Ohio Department of Rehabilitation and Correction



February 22, 2013

CONTACT:  JoEllen Smith, 614-752-1150
DRC Office of Communications


For Immediate Release

 Ohio Offender Recidivism at Record Low

COLUMBUS – Just one year after Director Gary C. Mohr officially changed the agency vision and mission to reducing crime in Ohio and reducing offender recidivism, the Ohio Department of Rehabilitation and Correction (DRC) today announced its offender recidivism rate is at a record low, with only 28.7 percent of inmates returning to prison after release.  Ohio’s previous recidivism rate was 31.2 percent, still well below the national average of about 43 percent.

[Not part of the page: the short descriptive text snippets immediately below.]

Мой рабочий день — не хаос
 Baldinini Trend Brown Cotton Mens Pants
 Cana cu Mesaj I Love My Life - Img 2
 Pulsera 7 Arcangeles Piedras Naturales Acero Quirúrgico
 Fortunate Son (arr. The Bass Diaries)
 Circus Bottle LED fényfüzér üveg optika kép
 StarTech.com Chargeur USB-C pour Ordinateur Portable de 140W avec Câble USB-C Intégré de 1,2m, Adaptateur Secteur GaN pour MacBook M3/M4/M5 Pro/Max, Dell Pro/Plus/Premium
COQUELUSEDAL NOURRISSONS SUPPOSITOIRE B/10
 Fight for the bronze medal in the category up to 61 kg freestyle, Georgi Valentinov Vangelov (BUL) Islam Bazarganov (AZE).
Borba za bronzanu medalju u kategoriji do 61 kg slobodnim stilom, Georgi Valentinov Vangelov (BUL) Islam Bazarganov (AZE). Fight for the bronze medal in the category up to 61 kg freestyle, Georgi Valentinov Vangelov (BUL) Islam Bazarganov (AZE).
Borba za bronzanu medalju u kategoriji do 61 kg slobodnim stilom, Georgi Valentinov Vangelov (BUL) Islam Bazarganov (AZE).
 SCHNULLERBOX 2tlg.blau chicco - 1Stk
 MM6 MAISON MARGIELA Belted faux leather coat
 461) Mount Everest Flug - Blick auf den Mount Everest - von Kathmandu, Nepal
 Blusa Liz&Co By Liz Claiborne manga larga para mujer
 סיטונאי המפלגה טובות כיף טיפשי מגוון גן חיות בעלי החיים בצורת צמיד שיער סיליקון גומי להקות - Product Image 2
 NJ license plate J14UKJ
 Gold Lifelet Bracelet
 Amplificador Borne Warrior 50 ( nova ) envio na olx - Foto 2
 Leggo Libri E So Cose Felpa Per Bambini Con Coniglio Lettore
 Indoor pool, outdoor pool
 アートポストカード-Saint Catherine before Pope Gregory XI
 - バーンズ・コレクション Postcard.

“I am excited to see yet another decline in the number of people who are returning to prison, and I believe the rate of the decline is particularly significant,” said DRC Director Gary Mohr. “Reducing offender recidivism and keeping Ohio’s communities safe are at the core of what we do, and this metric is an indicator of the effectiveness of the work we are doing to change the criminal justice system.”

Recidivism is calculated on a three year time period. The current rate is based on offenders released in 2009 (see Recidivism Report). During that time period, 4.68 percent of offenders returned to prison on a technical violation of supervision or a supervision sanction, while 23.99 percent returned on a new felony commitment.

DRC has implemented a number of strategies to reduce the number of offenders who return to prison, both as a matter of public safety and fiscal responsibility.  Several factors can be attributed to this success, including a reliance on evidenced-based programming, the Ohio Risk Assessment System, and refined reception processes that better identify offender needs.  Other contributing factors include a more structured system of sanctions for offenders under supervision, staff training in offender case management and expanded use of a variety of evidence based supervision practices, greater use of Transitional Control and community diversion alternatives to incarceration.